コメンドールの門の前には、検査の為に行列が出来ている。
だが、商人よりも傭兵と思わしき者達が、多く並んでいるな。
20分程待ち、漸く順番が回って来た。
「ん?お前も傭兵か?なら例の狼狩りに来たのか?」
「狼狩り?」
「ん?違うのか?毎年この春先の時期になると餌を求めて狼どもが、森の中から街道沿いに現れるのよ。それで今年は厄介な事に魔獣の姿も確認されたんでこの町の代官様がいつもよりも報酬を奮発して各地から沢山の傭兵を募って居るってわけだ。だからお前もてっきりその口かと思ってな」
「いや、違うが腕には自信があるから、詳しい話を聞きたいのだが?」
「それなら町の詰所に行きな。其処で大々的に告知して居るからよ」
検査は違法品の所持の簡単なチェックと犯罪者では無いか、指名手配書の確認だけですんなりと通る事が出来た。
途中親切そうなおばちゃんやおじちゃんに、道を尋ねながら目的地を目指す。
目的の衛兵の詰所には数多くの傭兵が集まって居た。
木箱の上に衛兵の一人が登り声を上げる。
「明日の早朝に狼狩りに向かう!皆聞いての通り今回の狼狩りはいつもよりも難易度は高くなって居る!知って居るものもいると思うが今回は狼以外にも狼の魔獣であるバトルウルフの姿が確認されている!我々の目的はこのバトルウルフの殲滅と狼どもの間引きが目的だ!
今回は狼よりもバトルウルフ討伐に主目的を置く!それと討伐証明は狼、バトルウルフともに牙だ!狼は一匹に付き銀貨1枚!バトルウルフは銀貨10枚だ!
参加する者は明日の早朝に【南門】に装備を整えた上で集合するように!其処で班分けを行う!勿論事前に仲間内で集まって置くのも構わない!以上だ!解散!」
と解散を宣言すると傭兵達は仲間内で話し合ったり、ソロの傭兵は他のソロの傭兵やパーティーを組んでいる傭兵に声を掛けている。

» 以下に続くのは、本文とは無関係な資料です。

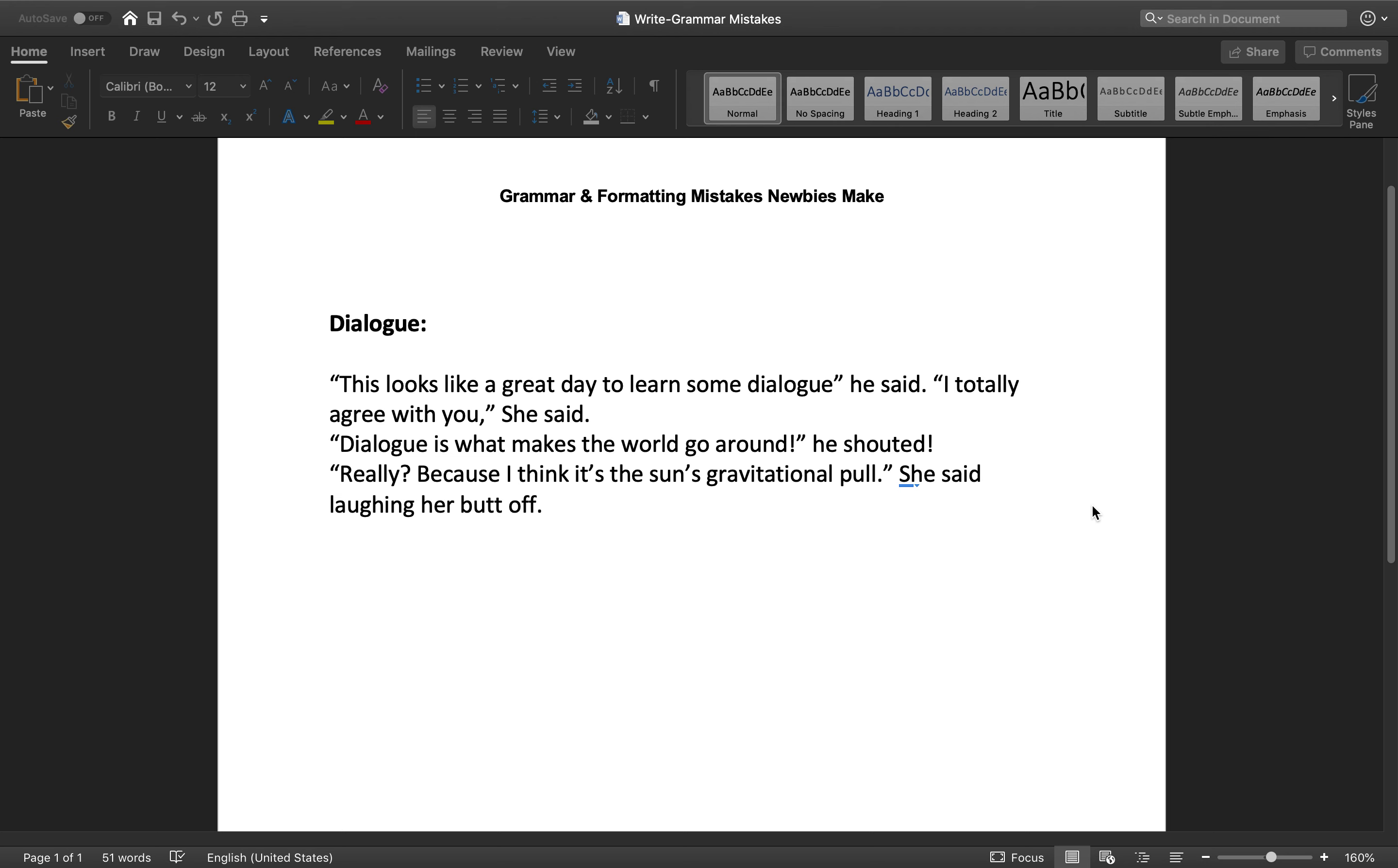My absolute biggest pet peeves in dialogue when it comes to writing, and I feel like every single manuscript I have ever edited or beta read for people has had at least one of these mistakes in it. So we are going to clear these up today and I'm going to teach you the way to format your dialogue.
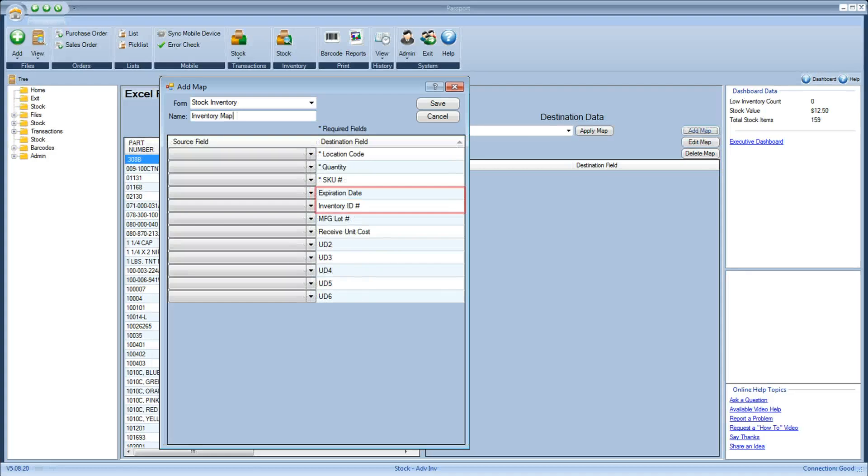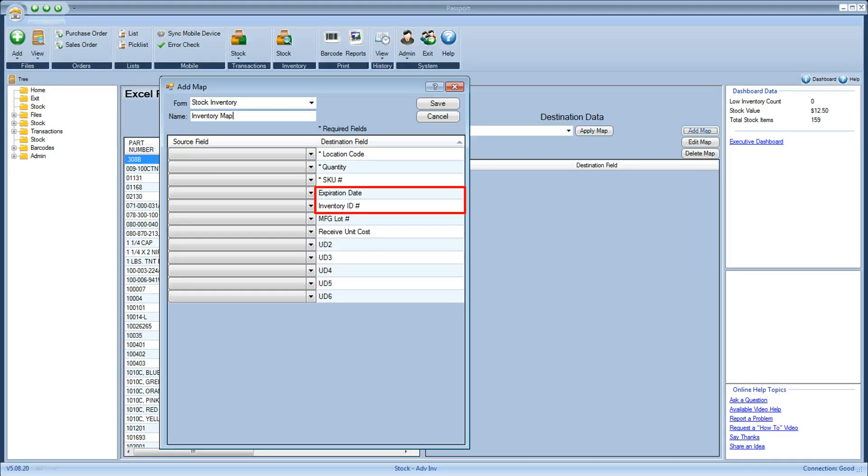Additionally, users now have the capability to import advanced inventory types such as serialized, batch or lot numbers, expiration dates, and serialized with quantity.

さて、如何するかと考えていると、まだ年若い少年少女達5人組が話しかけて来た。
「なあ!そこのあんた!」
俺に話しかけて来たのかわからずに、素知らぬ顔をしていると「そこのハルバードを担いだあんただよ!」
「俺か?」
「そうだ!なぁ、見た所一人のようだし俺達と臨時のパーティーを組まないか?」
「見た所、5人組で十分な様に思えるが?」
「いや、実はさ……俺達のリーダーがこの前ちょっと腕を骨折してさ。それで前衛に空きが出たんで今募集しててさ。この辺りの傭兵は皆ある程度パーティーを組んだりしてるから引き抜くのは無理だし……中には暴利を要求する奴もいるからさ。あんたは見た所ここらの出身じゃないだろ?だから良ければこの狼狩りだけでいいから手を貸してくれよ?」
「わかった。良いだろう。だが、組む前に報酬の分配と得意な獲物を教えてくれ」
「オッケー。報酬は一人で倒したらそいつの物で、協力して倒したら協力した奴と分配でどうよ?」
「そうすると俺一人に対してお前達は五人もいるから、俺が不利ではないか?」
「なら協力した場合さ、あんたは6割でこっちは4割でどうだ?」
「まあ、それならいいか。よろしく頼む」
とアルガドは話しかけて来た少年と握手をする。
「ああ、よろしく頼むよ。俺はこのパーティーの副リーダーをしているバックだ。見ての通り剣と盾を使う」バックがツンツン頭の威勢のいい奴だな。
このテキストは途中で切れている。